Thank you very much for reading this question, I would appreciate it if you could help me.
After playing a little with your inputs, I can say that the most plausible cause for all of your problems is that your insputs are not very clean. If you manage to remove degenerated faces from your OFFs in sv.off, everything should run fine. Now, there is a way to make everything much faster : corefine_and_compute_difference.
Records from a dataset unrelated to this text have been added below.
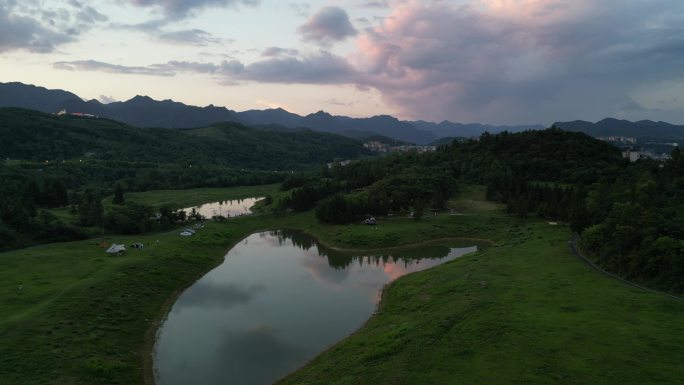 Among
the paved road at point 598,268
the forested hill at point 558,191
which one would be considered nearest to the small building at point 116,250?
the forested hill at point 558,191

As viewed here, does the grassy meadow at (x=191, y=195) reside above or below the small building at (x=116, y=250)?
below

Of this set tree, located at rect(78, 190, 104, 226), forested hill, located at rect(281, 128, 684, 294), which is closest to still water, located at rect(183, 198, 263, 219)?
forested hill, located at rect(281, 128, 684, 294)

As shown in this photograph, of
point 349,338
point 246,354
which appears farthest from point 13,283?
point 349,338

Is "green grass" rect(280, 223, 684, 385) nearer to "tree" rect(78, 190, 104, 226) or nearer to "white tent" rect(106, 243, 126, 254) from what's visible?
"white tent" rect(106, 243, 126, 254)

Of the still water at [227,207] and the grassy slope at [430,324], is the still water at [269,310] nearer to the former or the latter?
the grassy slope at [430,324]

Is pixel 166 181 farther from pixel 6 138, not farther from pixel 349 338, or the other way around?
pixel 349 338

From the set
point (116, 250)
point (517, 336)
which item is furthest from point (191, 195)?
point (517, 336)

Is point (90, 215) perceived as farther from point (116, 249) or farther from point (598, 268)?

If I adapt your code to use it, it looks like :
#include <CGAL/Exact_predicates_inexact_constructions_kernel.h>
#include <CGAL/Surface_mesh.h>
#include <CGAL/IO/Polyhedron_iostream.h>
#include <CGAL/Polygon_mesh_processing/corefinement.h>
#include <CGAL/draw_surface_mesh.h>
#include <CGAL/Polygon_mesh_processing/IO/polygon_mesh_io.h>
typedef CGAL::Exact_predicates_inexact_constructions_kernel Epic;
typedef CGAL::Surface_mesh<Epic::Point_3> Surface_mesh;
int main() {
std::cout << "how many polyhedra in sv.off\n";
std::cin >> n;
std::ifstream fin1("data/blank.off");
std::ifstream fin2("data/sv.off");
//load nef2 and do bool operations
Surface_mesh s1, s2, out;
CGAL::IO::read_OFF(fin1, s1);
fin1.close();
for (int i = 0; i < n;i++) {
s2.clear();
CGAL::IO::read_OFF(fin2, s2);
fin2.get();
std::ofstream fout("s2.off");
fout << s2;
fout.close();
CGAL::Polygon_mesh_processing::corefine_and_compute_difference(s1, s2, s1);
std::cout << "A-B" << i+1 << " have been calculated" << std::endl;
}
//convert nef2 to res.off
std::ofstream fout("res.off");
fout << s1;
fout.close();
//draw
CGAL::draw(s1);
fin2.close();
return 0;
}
But you have to be sure your sv meshes are "clean", they must not have degenerated faces, for example.
From the shape of the first sv mesh, I'd say you can use CGAL's Advancing Front Surface Reconstruction (example here) to get your meshes from your point sets, and they should be clean enough. (I tried with the first one and it worked well).